[DATA PROVIDED]:
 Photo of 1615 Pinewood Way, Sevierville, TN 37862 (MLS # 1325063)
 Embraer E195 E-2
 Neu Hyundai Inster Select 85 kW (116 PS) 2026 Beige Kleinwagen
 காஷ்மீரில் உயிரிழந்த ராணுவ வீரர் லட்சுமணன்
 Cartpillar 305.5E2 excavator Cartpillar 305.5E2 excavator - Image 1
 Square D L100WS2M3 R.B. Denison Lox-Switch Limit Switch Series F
==
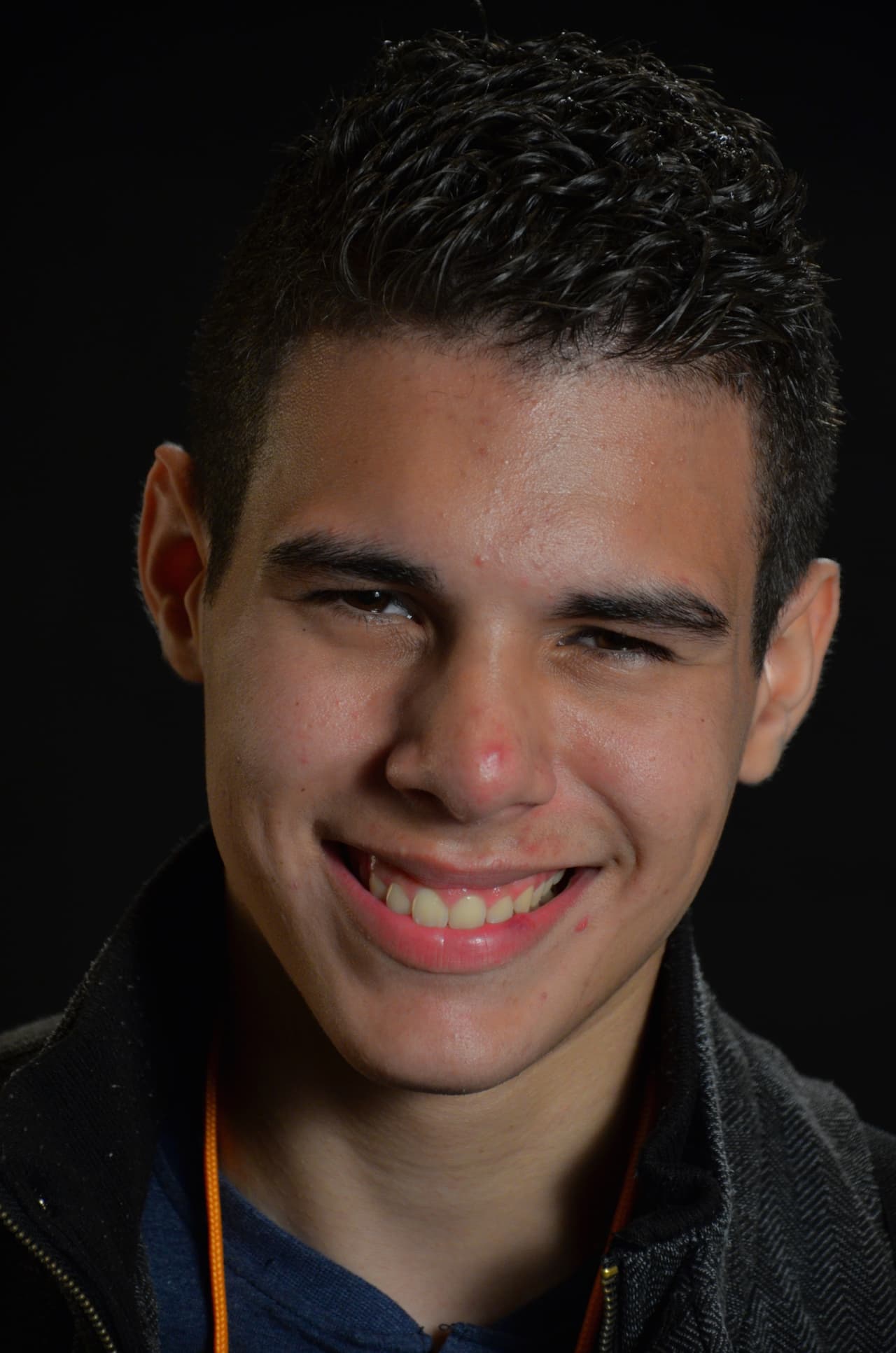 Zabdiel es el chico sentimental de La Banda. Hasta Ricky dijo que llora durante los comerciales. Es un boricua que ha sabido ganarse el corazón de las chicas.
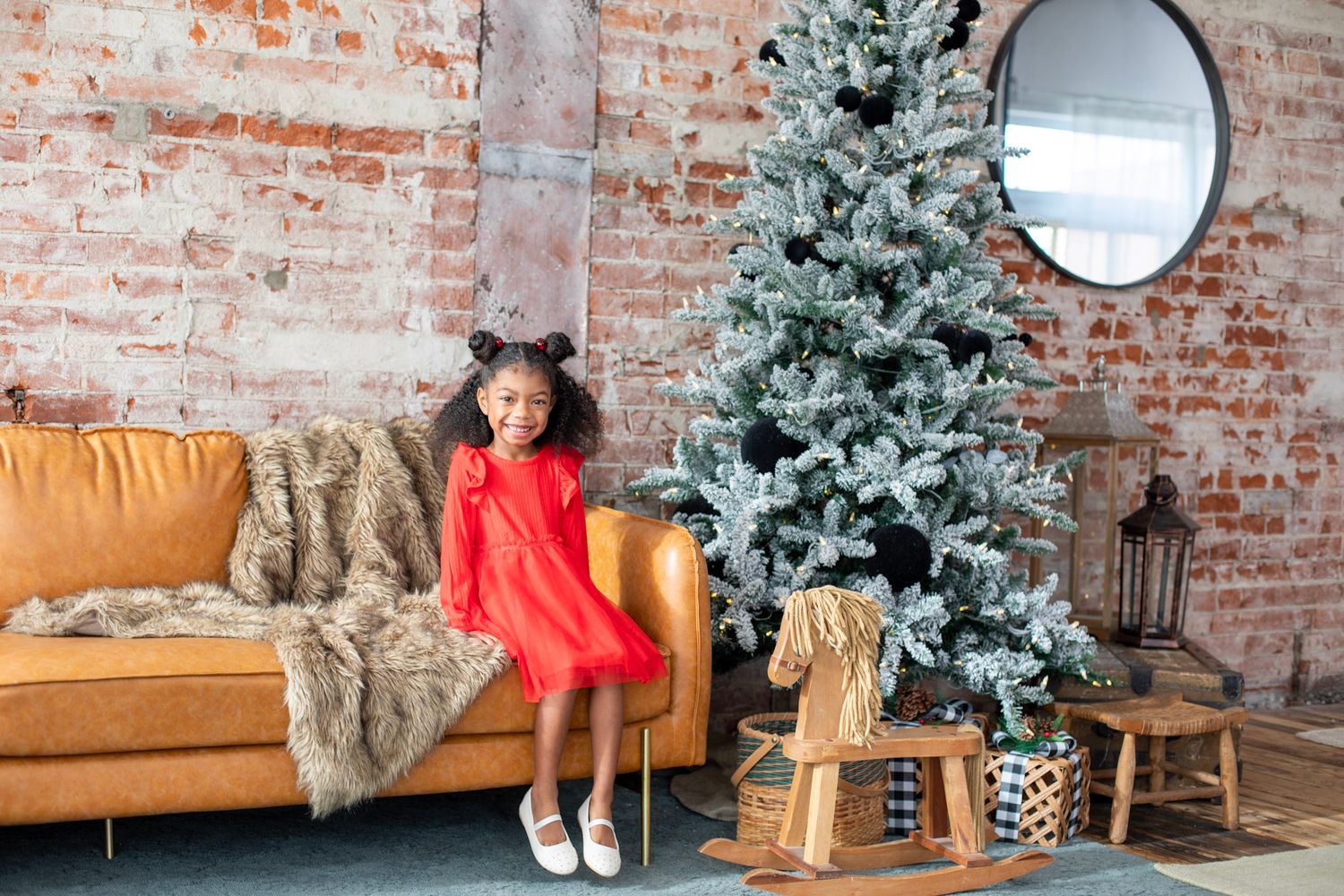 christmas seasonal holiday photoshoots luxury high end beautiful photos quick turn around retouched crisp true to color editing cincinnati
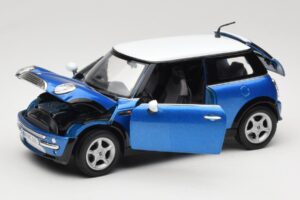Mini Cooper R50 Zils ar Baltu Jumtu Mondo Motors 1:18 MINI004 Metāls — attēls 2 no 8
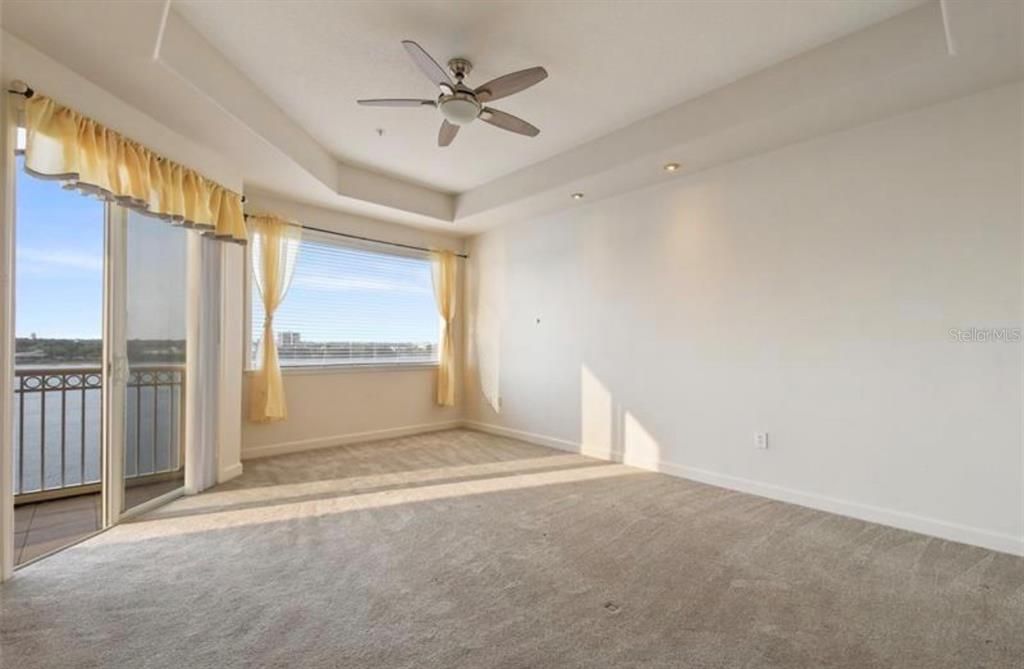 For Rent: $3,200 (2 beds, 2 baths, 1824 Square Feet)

[THE TASK]:
In the data above, the stretch from the line with "Zabdiel es el" through the line with "For Rent: $3,200" is to be returned exactly, minus any pictures.

[OUTPUT FOR THIS EXERCISE]:
 Zabdiel es el chico sentimental de La Banda. Hasta Ricky dijo que llora durante los comerciales. Es un boricua que ha sabido ganarse el corazón de las chicas.
 christmas seasonal holiday photoshoots luxury high end beautiful photos quick turn around retouched crisp true to color editing cincinnati
Mini Cooper R50 Zils ar Baltu Jumtu Mondo Motors 1:18 MINI004 Metāls — attēls 2 no 8
 For Rent: $3,200 (2 beds, 2 baths, 1824 Square Feet)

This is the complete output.